[DATA PROVIDED]

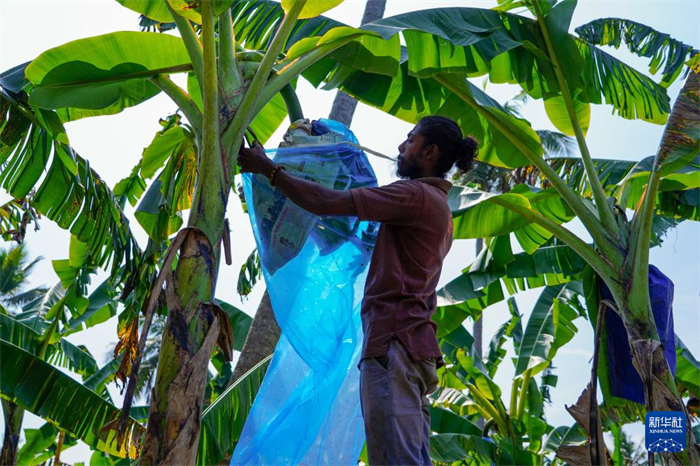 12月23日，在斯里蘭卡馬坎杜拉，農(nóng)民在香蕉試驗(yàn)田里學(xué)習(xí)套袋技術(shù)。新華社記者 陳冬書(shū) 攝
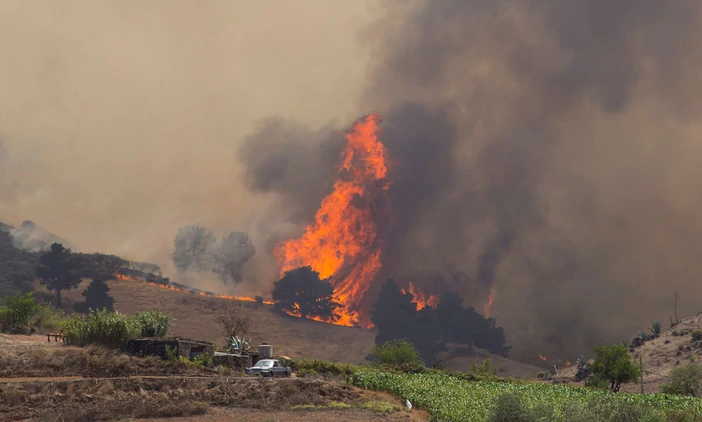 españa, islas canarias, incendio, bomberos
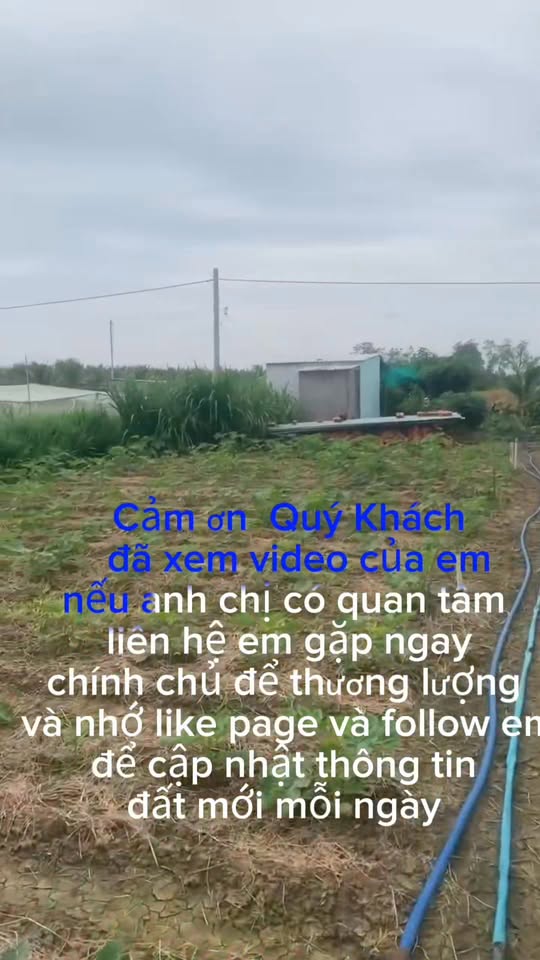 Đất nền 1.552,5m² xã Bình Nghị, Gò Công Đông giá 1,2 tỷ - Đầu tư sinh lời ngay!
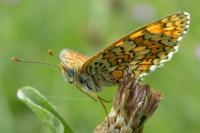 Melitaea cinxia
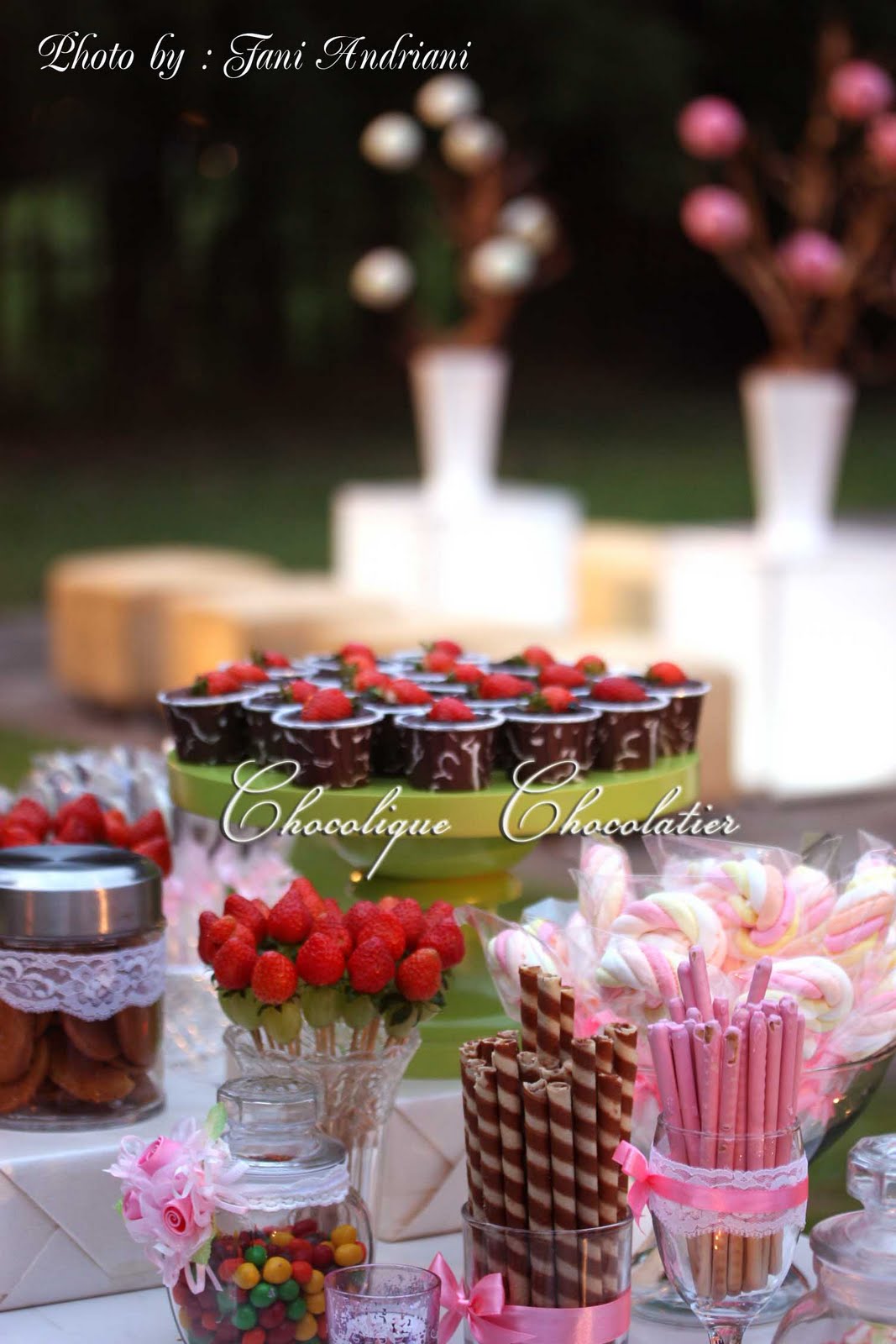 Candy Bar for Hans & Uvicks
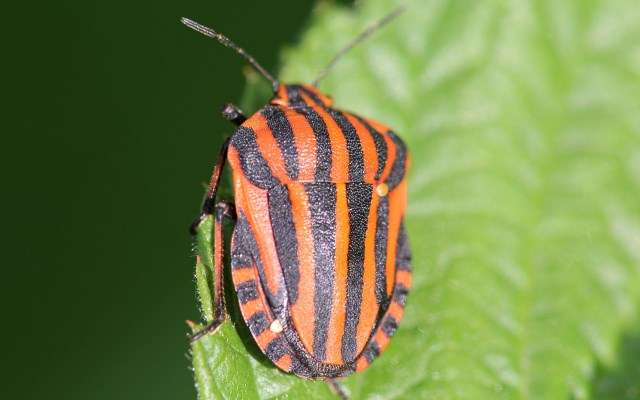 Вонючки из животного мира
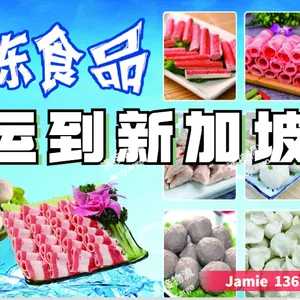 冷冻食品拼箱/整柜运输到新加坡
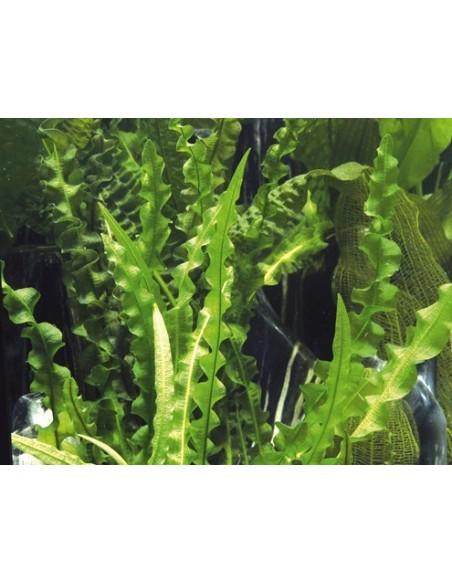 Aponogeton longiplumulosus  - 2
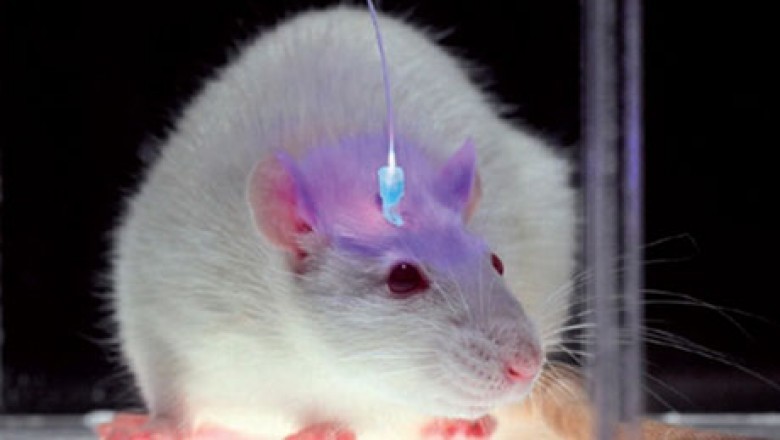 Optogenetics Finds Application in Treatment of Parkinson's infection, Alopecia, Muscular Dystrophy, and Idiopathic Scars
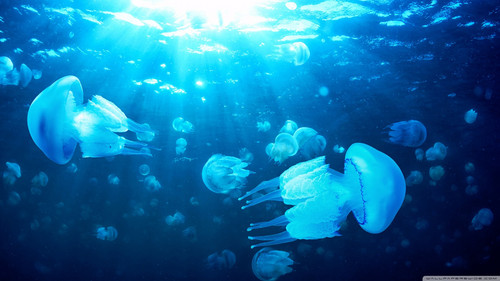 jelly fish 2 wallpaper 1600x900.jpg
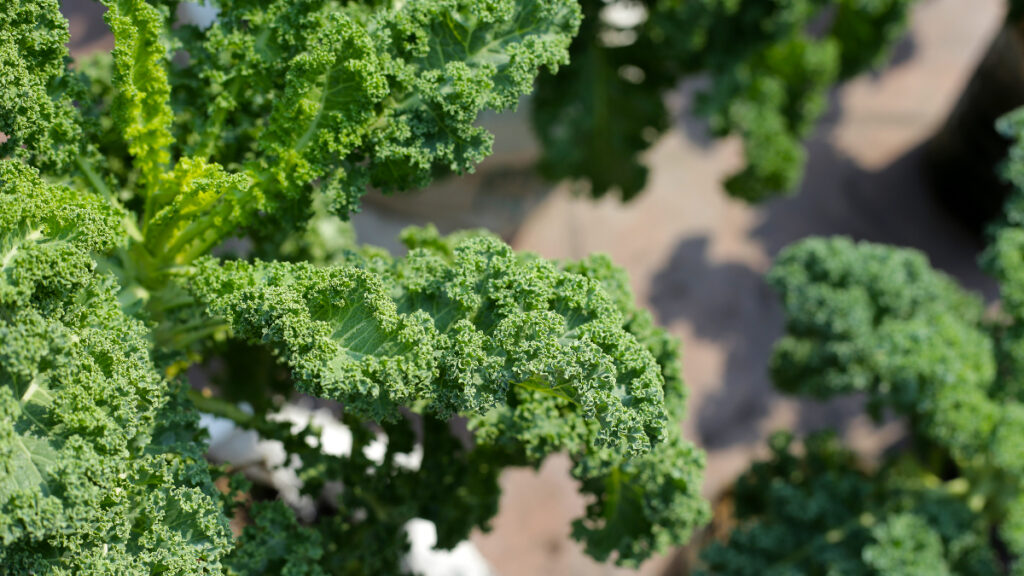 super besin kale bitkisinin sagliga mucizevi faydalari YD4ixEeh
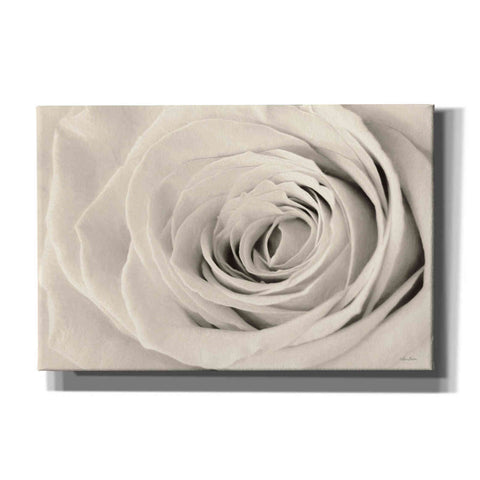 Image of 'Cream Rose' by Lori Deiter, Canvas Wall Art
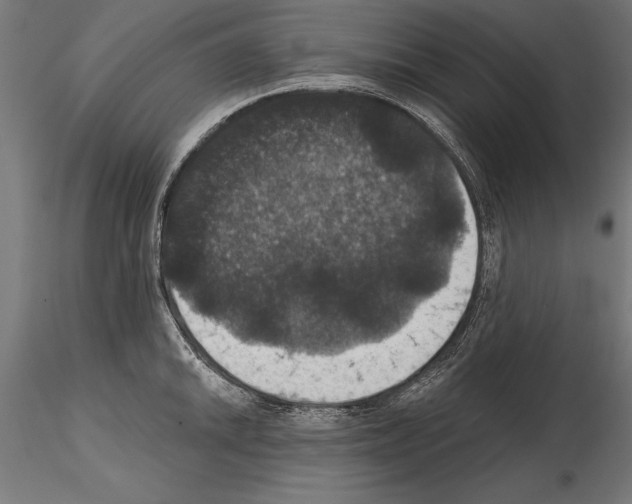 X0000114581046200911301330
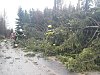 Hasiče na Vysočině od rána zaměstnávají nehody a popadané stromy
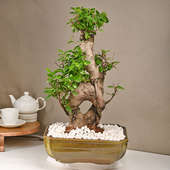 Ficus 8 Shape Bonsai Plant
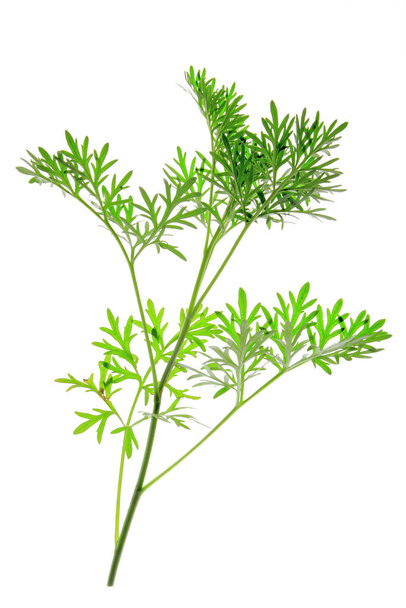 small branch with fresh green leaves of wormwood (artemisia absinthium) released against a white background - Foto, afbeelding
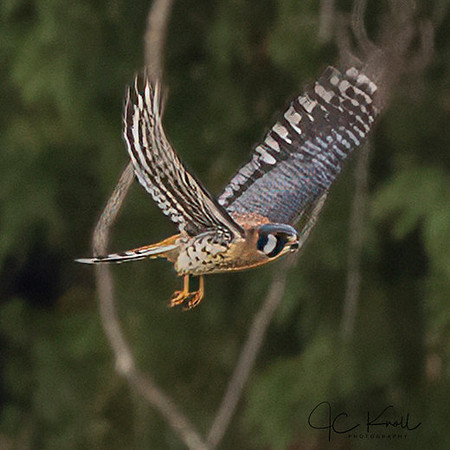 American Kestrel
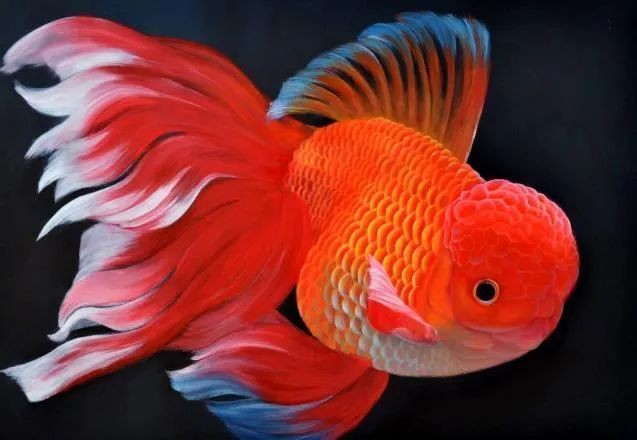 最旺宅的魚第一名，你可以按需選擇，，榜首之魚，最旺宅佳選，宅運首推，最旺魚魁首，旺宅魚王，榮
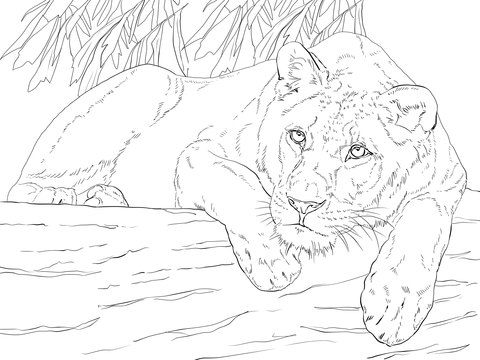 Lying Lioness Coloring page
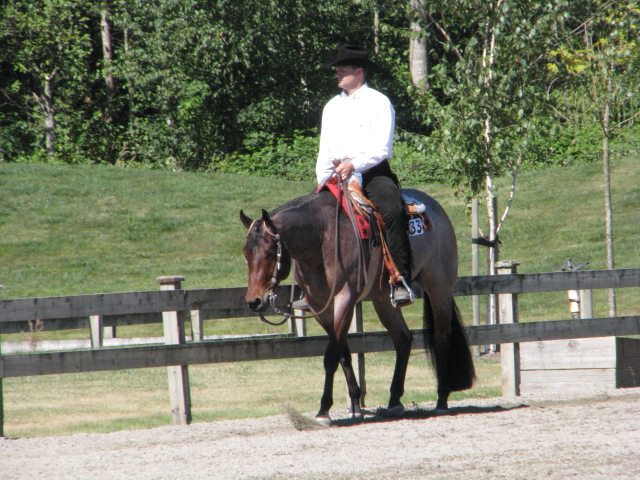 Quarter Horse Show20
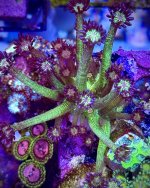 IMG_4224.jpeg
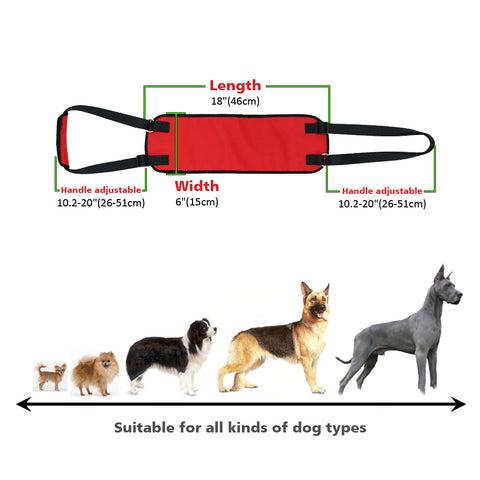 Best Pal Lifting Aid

[/DATA PROVIDED]

WHAT YOU NEED TO DO - Restate the entries verbatim, without pictures.

RESULT OF THE EXERCISE -
 12月23日，在斯里蘭卡馬坎杜拉，農(nóng)民在香蕉試驗(yàn)田里學(xué)習(xí)套袋技術(shù)。新華社記者 陳冬書(shū) 攝
 españa, islas canarias, incendio, bomberos
 Đất nền 1.552,5m² xã Bình Nghị, Gò Công Đông giá 1,2 tỷ - Đầu tư sinh lời ngay!
 Melitaea cinxia
 Candy Bar for Hans & Uvicks
 Вонючки из животного мира
 冷冻食品拼箱/整柜运输到新加坡
 Aponogeton longiplumulosus  - 2
 Optogenetics Finds Application in Treatment of Parkinson's infection, Alopecia, Muscular Dystrophy, and Idiopathic Scars
 jelly fish 2 wallpaper 1600x900.jpg
 super besin kale bitkisinin sagliga mucizevi faydalari YD4ixEeh
 Image of 'Cream Rose' by Lori Deiter, Canvas Wall Art
 X0000114581046200911301330
 Hasiče na Vysočině od rána zaměstnávají nehody a popadané stromy
 Ficus 8 Shape Bonsai Plant
 small branch with fresh green leaves of wormwood (artemisia absinthium) released against a white background - Foto, afbeelding
 American Kestrel
 最旺宅的魚第一名，你可以按需選擇，，榜首之魚，最旺宅佳選，宅運首推，最旺魚魁首，旺宅魚王，榮
 Lying Lioness Coloring page
 Quarter Horse Show20
 IMG_4224.jpeg
 Best Pal Lifting Aid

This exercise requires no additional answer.